[Note from Pinal]: This is a 69th episode of Notes from the Field series. Mike Walsh is an amazing person to meet and know. I am fortunate to be his friend. Every single time I meet him, I learn something as a human. He is always looking for an opportunity to improve the life of DBAs and Developers.
Read the entire story in his own words.
My posts lately here have been talking about being proactive. I am going to continue on that theme today, because it is that important. We perform a lot of WellDBA Exams™ – where we go into a client shop, review their existing setup, look at performance and write up our findings.
Each time we do one of these, we find the same types of findings almost everywhere. In fact we have a free resource available where we guide you through a checklist where you can evaluate your own environment against the 7 most common findings we encounter and see detailed information on what to do about those findings.
You can grab that free resource here.
In this post I want to zoom in on a proactive attitude again, and some ways to protect your proactive time. Then I will suggest a plan using that checklist to go through your environment and ensure the big things are taken care of.
Protecting a Proactive Attitude
I know I talk about this in just about every post I share here, but I am trying to cement this thought – a good DBA is a proactive DBA. You cannot just wait for a problem to arise, fight the problem, and then sit back and wait for the next problem.
I know you don’t do that. I know most DBAs don’t do that, at least not on purpose. But in this interrupt driven world, users and other IT teams are constantly clawing at their DBA for requests. These requests have to be met, because customers are expecting them to be done. But I challenge you that many requests don’t need to be done as fast as most DBAs do them.
You should develop a plan to protect your proactive time.
A few tips on how to preserve that time:
- Schedule it! Make a block of time on your calendar each day, each week, whatever you can do. Guard that time and shut down your e-mail and IM clients (if you are allowed) and focus on doing proactive tasks to make your life easier.
- Talk to management. When you are reactive you are spending more time, you are less effective and mistakes happen. If you get management to guard your time and people’s access to you for a bit for some proactive time, it will make you more efficient.
- Work from home if you can. A lot of times when I was a full-time DBA – I could be more proactive when working from home, as the “drop by” visits can’t happen as easily that way.

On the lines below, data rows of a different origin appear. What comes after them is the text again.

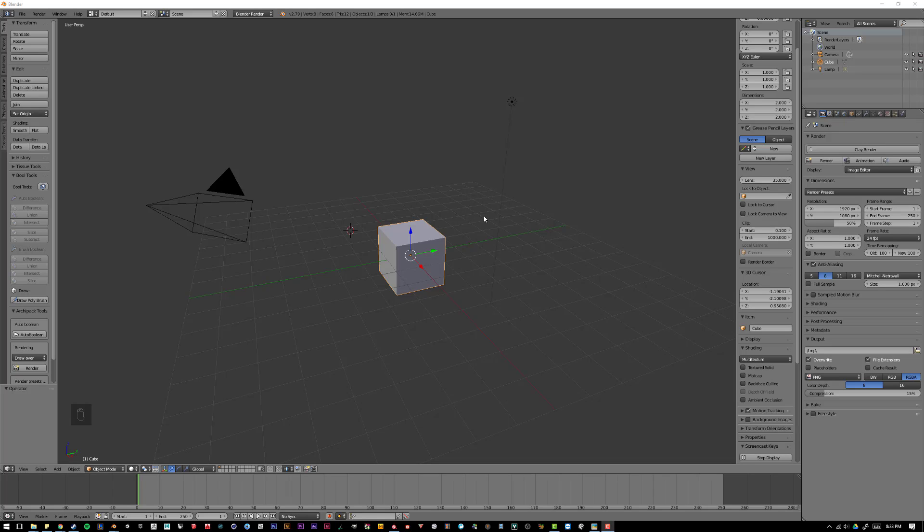Hey everyone, in this video I'm going to be showing you how to add add-ons and plugins to Blender and how to enable them.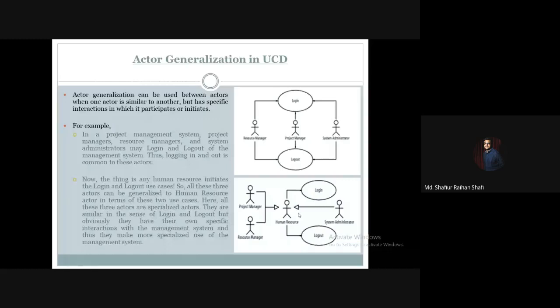This is the system administrator, project manager, and resource manager accessing through this inheritance. There are many actors — project manager, resource manager — there are many roles in the project management system. There are many specialized use case actors, but the common work is log-in and log-out.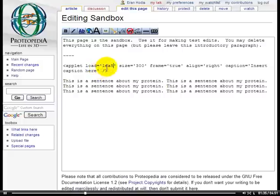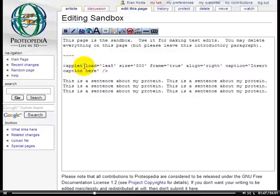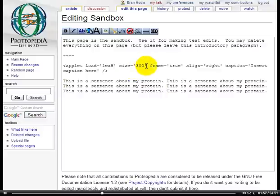You see that the PDB code or file name is surrounded by single quotes here. Let me take you briefly through the syntax of this applet. Here is the opening tag of the applet, followed by specification of the load parameter — what we want to load. In this case, the PDB file 1EA5. The size of the applet in pixels. A frame tells us whether we want a frame to surround our applet, a border.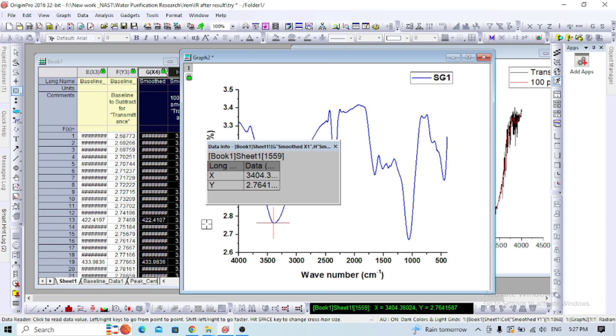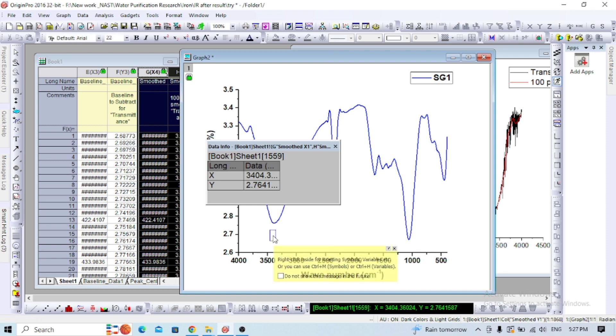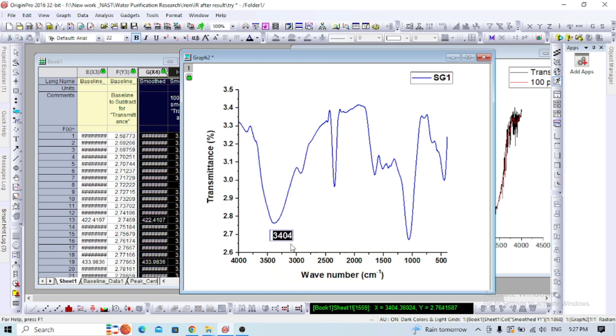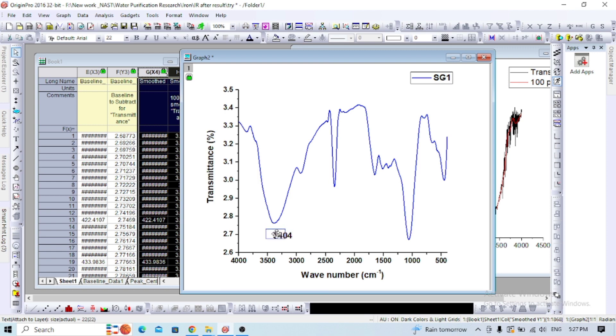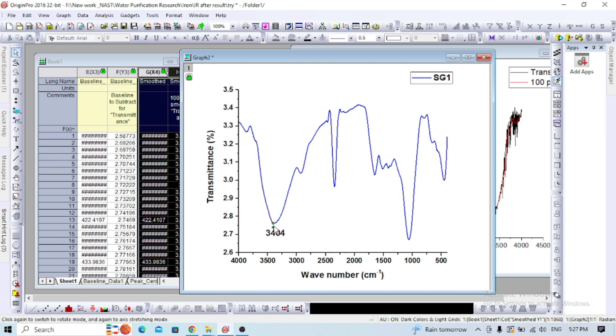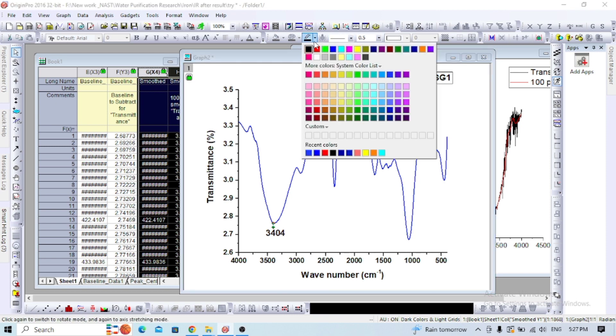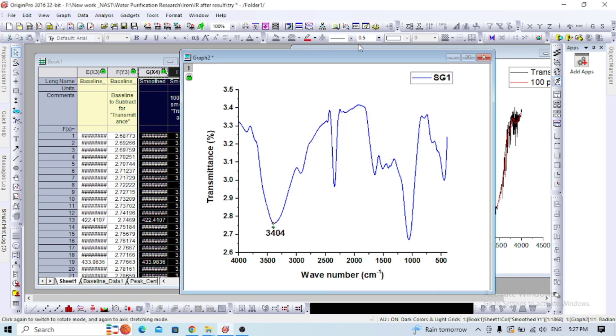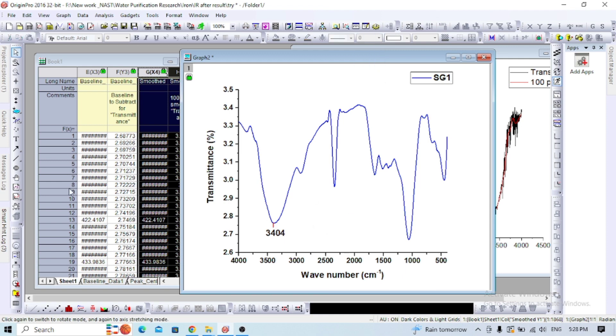Open a text file and write 3404. You can make it bold as well. You can also add a line and change its color to red for the annotation.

- Consider a WellDBA exam from Linchpin People, or a health check from another firm. Sometimes having an outside firm come in, audit your environment and tell you about your misses is the best way to get proactive time prioritized. Plus that approach helps you know where to focus your proactive time.
- Just do it – Sounds harsh – but sometimes you just have to do it. If you don’t start trying to be more proactive, you’ll always be reactive and that is when mistakes happen. This is when we can come in and do an Exam and uncover the findings that the DBAs will say “yeah I know.. But I didn’t have time”
A Proactive Plan
Download our checklist, or find other SQL Server diagnostic scripts and approaches out there. There are several. Our checklist is less focused on scripts, and more focused on how, what and why you should care about these 7 areas, then suggests an approach to resolve the findings.
Here is the link again, it really is free and not some gimmick to get you on a “to be harassed” list.
Then start going through the checklist. We’ve ordered it in terms of our typical priorities. For example – if you aren’t able to recover your environment, the other 6 points don’t matter as much.. Make sure you are really secure in each area, make sure you really understand the how and why in each area.
Move on to the next question and repeat the process. It is that simple. Some of the tasks will take more time than others to investigate. Some will take more time than others to fix. But this is a place to get started. And sometimes a place to start is all that is needed.
So, get some time set aside for being proactive, review your environment and get to the point where at least those 7 critical items are being taken care of! All the best on your journey!